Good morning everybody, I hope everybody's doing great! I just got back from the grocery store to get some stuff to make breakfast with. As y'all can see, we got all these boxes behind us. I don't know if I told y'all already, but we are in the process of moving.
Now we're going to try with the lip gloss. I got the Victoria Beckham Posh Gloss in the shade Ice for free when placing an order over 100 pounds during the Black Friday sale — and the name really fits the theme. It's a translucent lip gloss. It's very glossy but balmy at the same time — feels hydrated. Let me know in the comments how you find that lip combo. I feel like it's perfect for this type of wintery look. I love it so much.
==
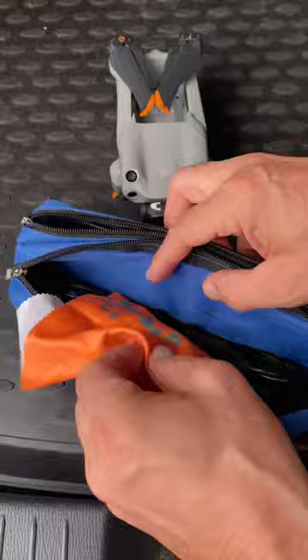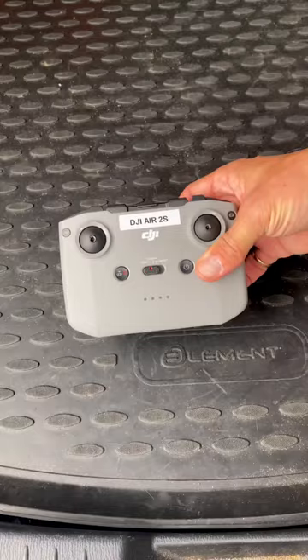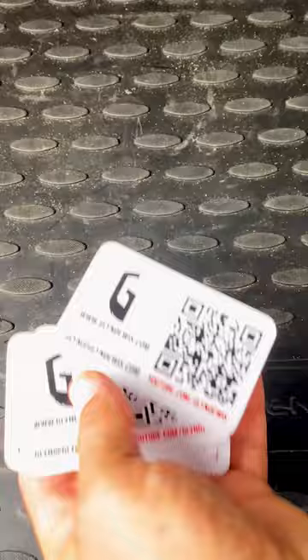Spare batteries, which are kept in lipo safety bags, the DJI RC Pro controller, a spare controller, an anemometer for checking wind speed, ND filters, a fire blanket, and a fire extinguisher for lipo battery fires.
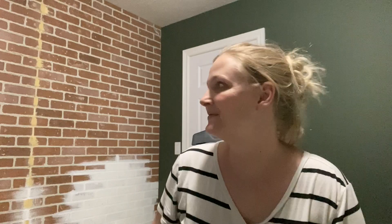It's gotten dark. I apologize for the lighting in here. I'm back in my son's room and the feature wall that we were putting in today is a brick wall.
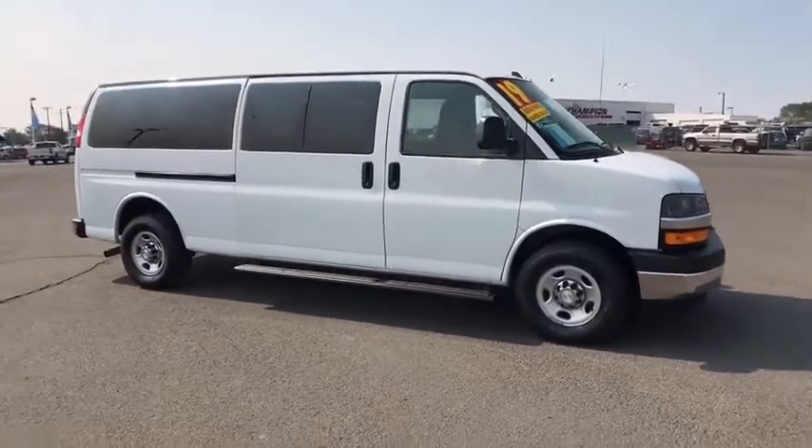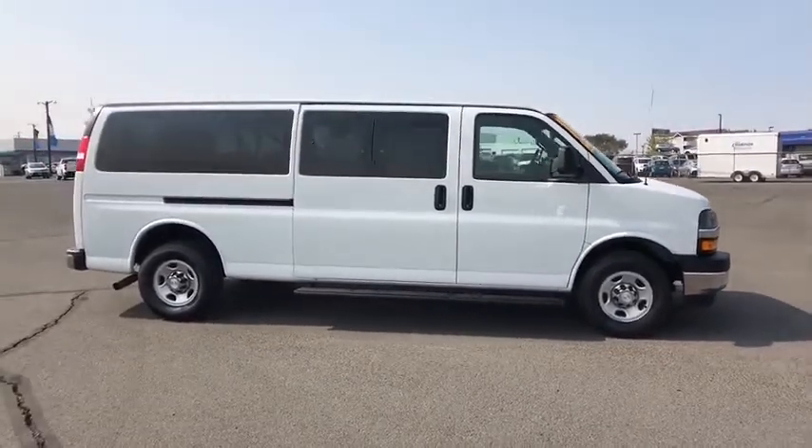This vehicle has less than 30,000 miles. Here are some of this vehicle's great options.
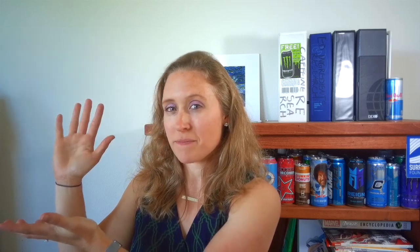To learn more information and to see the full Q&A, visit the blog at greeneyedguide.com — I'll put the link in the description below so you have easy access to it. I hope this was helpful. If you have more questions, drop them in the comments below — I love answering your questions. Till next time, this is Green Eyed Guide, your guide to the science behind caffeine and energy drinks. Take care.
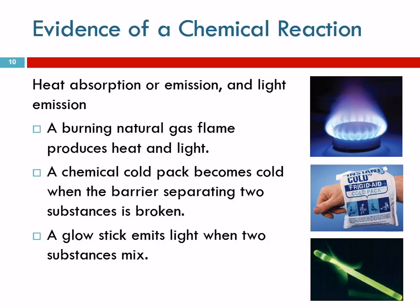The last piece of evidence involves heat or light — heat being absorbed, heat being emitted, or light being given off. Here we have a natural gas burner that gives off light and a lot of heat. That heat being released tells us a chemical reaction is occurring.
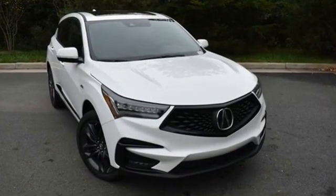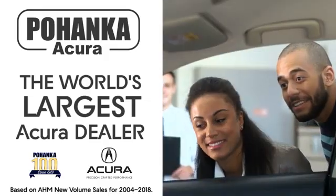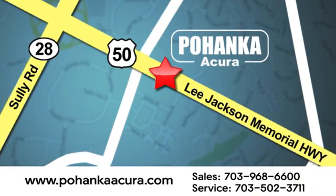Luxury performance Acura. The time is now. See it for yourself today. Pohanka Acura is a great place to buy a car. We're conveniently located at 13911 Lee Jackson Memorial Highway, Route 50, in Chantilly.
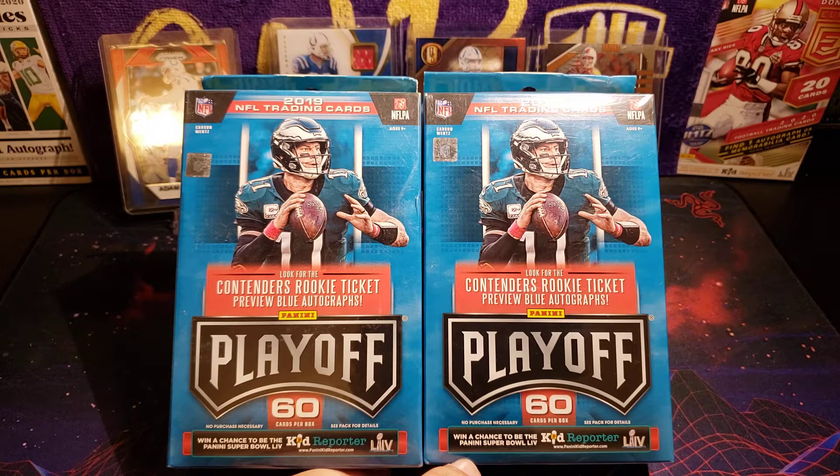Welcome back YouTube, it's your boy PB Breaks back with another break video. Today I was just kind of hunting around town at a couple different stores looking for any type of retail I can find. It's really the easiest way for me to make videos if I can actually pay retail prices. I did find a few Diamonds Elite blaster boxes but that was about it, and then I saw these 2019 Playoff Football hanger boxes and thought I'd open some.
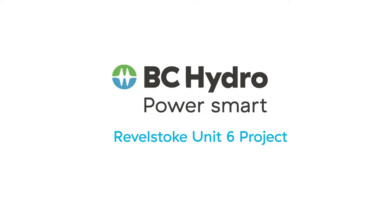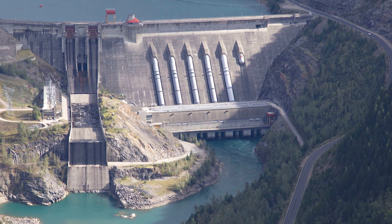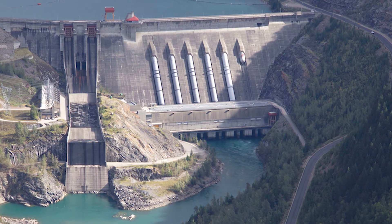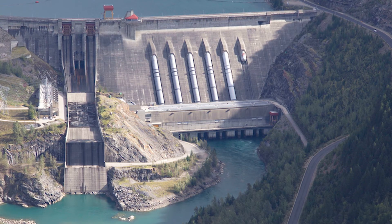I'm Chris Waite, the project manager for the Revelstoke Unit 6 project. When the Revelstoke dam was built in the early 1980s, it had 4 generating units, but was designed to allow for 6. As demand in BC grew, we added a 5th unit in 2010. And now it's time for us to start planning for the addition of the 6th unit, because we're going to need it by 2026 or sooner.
==
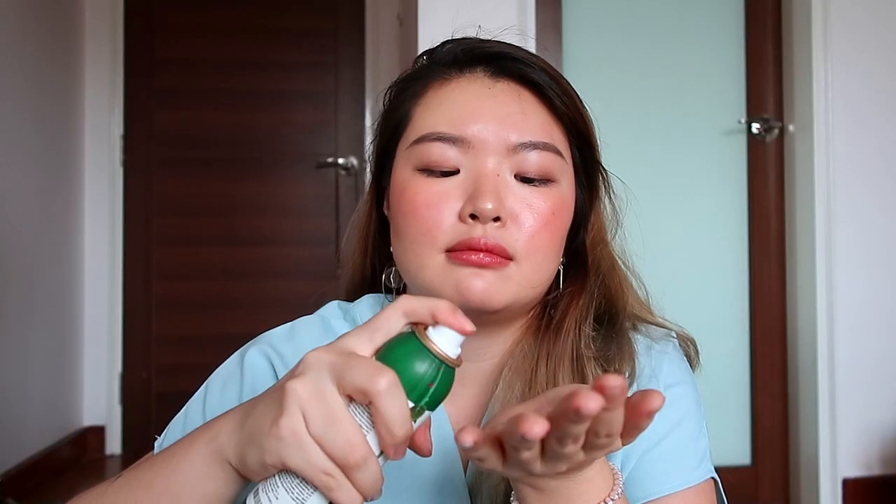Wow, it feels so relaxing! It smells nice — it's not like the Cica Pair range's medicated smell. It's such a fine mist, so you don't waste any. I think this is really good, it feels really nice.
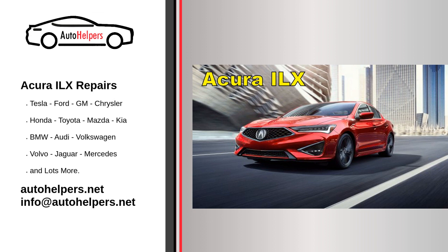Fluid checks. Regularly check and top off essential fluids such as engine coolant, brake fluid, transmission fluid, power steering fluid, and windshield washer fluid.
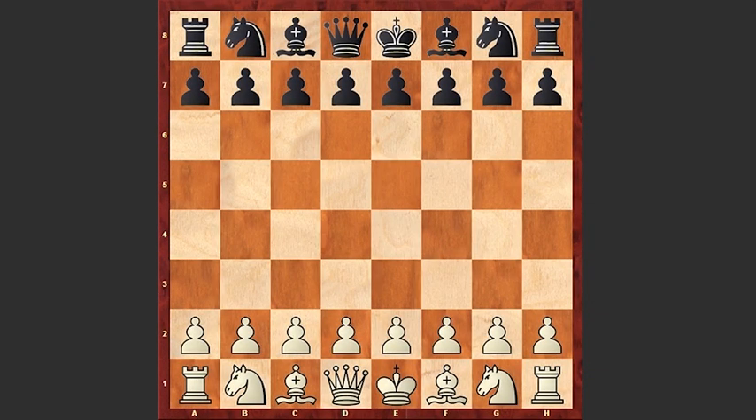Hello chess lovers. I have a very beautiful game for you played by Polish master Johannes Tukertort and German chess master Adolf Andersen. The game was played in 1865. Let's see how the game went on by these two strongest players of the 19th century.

Exercise prompt: From the material above, set down exactly the lines starting at the one with "Good morning everybody, I" and ending at the one with "Now we're going", end lines included.

Answer for the task:
Good morning everybody, I hope everybody's doing great! I just got back from the grocery store to get some stuff to make breakfast with. As y'all can see, we got all these boxes behind us. I don't know if I told y'all already, but we are in the process of moving.
Now we're going to try with the lip gloss. I got the Victoria Beckham Posh Gloss in the shade Ice for free when placing an order over 100 pounds during the Black Friday sale — and the name really fits the theme. It's a translucent lip gloss. It's very glossy but balmy at the same time — feels hydrated. Let me know in the comments how you find that lip combo. I feel like it's perfect for this type of wintery look. I love it so much.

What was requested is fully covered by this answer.